→ **Task prompt**: Copies of all lines containing the string "with" are needed from the data below.

→ **Exercise data**:
-- Opening Marker --

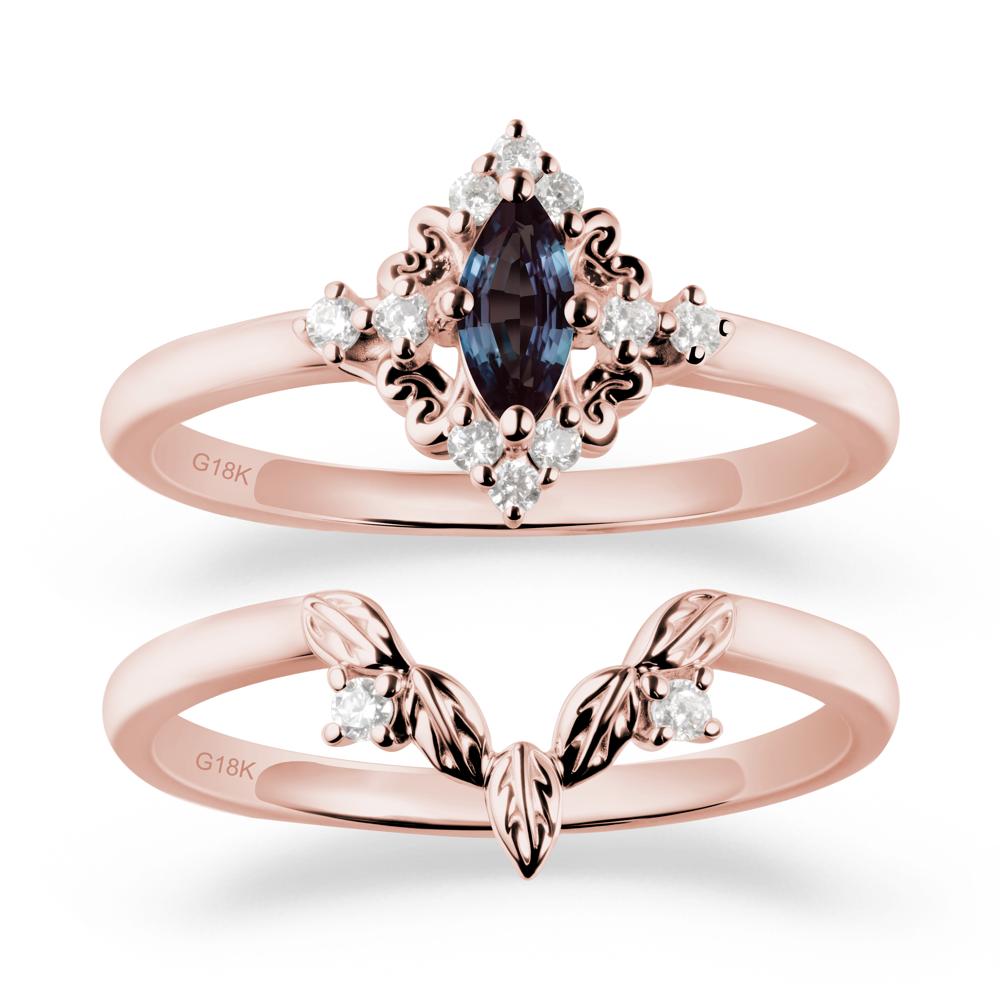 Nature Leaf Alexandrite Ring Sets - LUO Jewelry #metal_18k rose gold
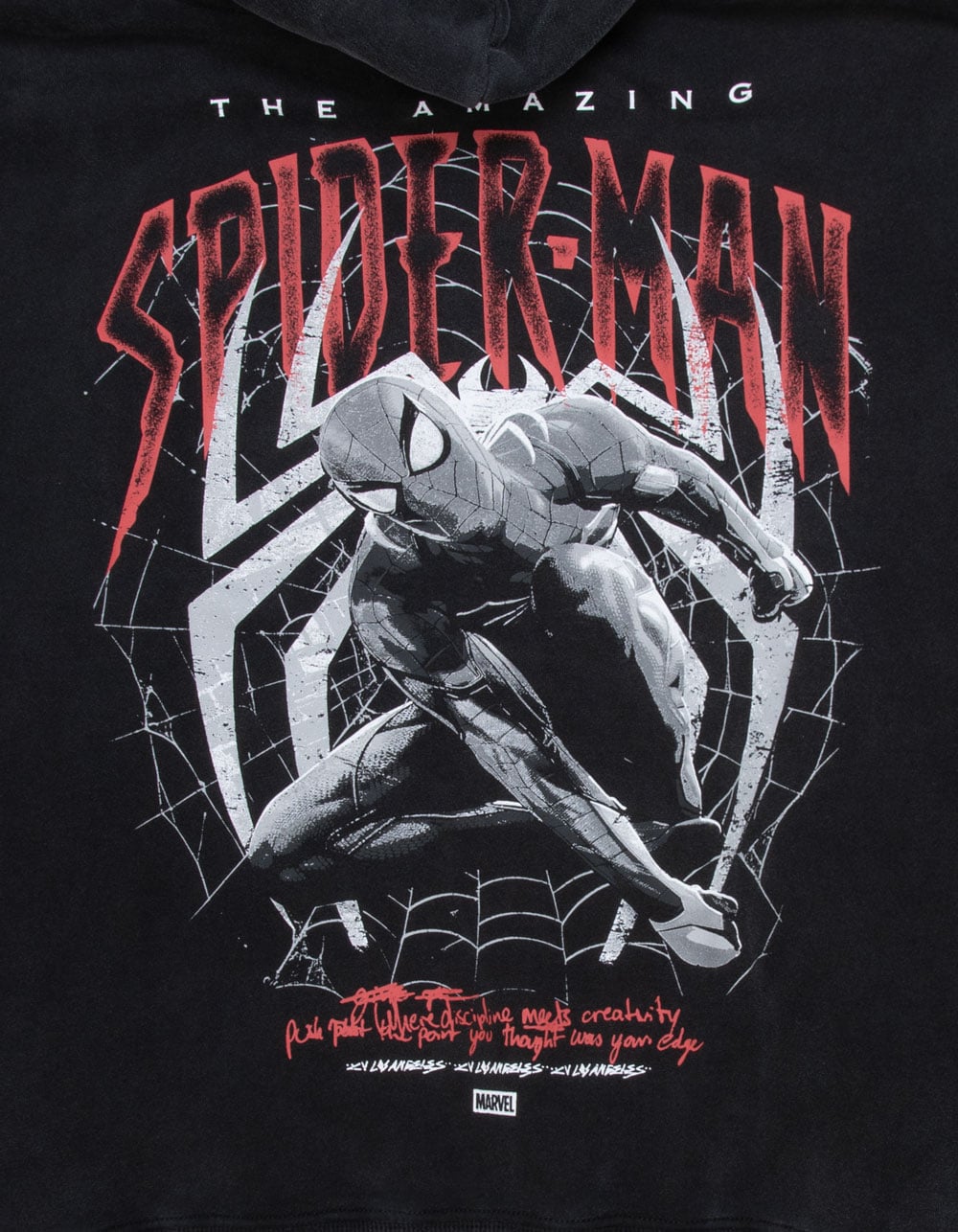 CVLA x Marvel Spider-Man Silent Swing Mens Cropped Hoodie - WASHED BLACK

-- Closing Marker --
-- Opening Marker --

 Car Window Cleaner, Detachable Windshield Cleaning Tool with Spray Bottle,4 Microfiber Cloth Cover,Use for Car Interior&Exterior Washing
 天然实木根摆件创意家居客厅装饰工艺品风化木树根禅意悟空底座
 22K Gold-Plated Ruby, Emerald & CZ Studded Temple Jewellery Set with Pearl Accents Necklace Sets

-- Closing Marker --
-- Opening Marker --

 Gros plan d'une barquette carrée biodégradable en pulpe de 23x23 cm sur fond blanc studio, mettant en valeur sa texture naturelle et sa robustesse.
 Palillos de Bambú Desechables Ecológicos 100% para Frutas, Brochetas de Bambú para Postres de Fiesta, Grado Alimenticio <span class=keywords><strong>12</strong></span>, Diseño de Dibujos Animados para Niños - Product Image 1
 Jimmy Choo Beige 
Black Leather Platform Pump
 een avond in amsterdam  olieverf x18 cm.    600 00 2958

-- Closing Marker --

→ **Answer**:
 Car Window Cleaner, Detachable Windshield Cleaning Tool with Spray Bottle,4 Microfiber Cloth Cover,Use for Car Interior&Exterior Washing
 22K Gold-Plated Ruby, Emerald & CZ Studded Temple Jewellery Set with Pearl Accents Necklace Sets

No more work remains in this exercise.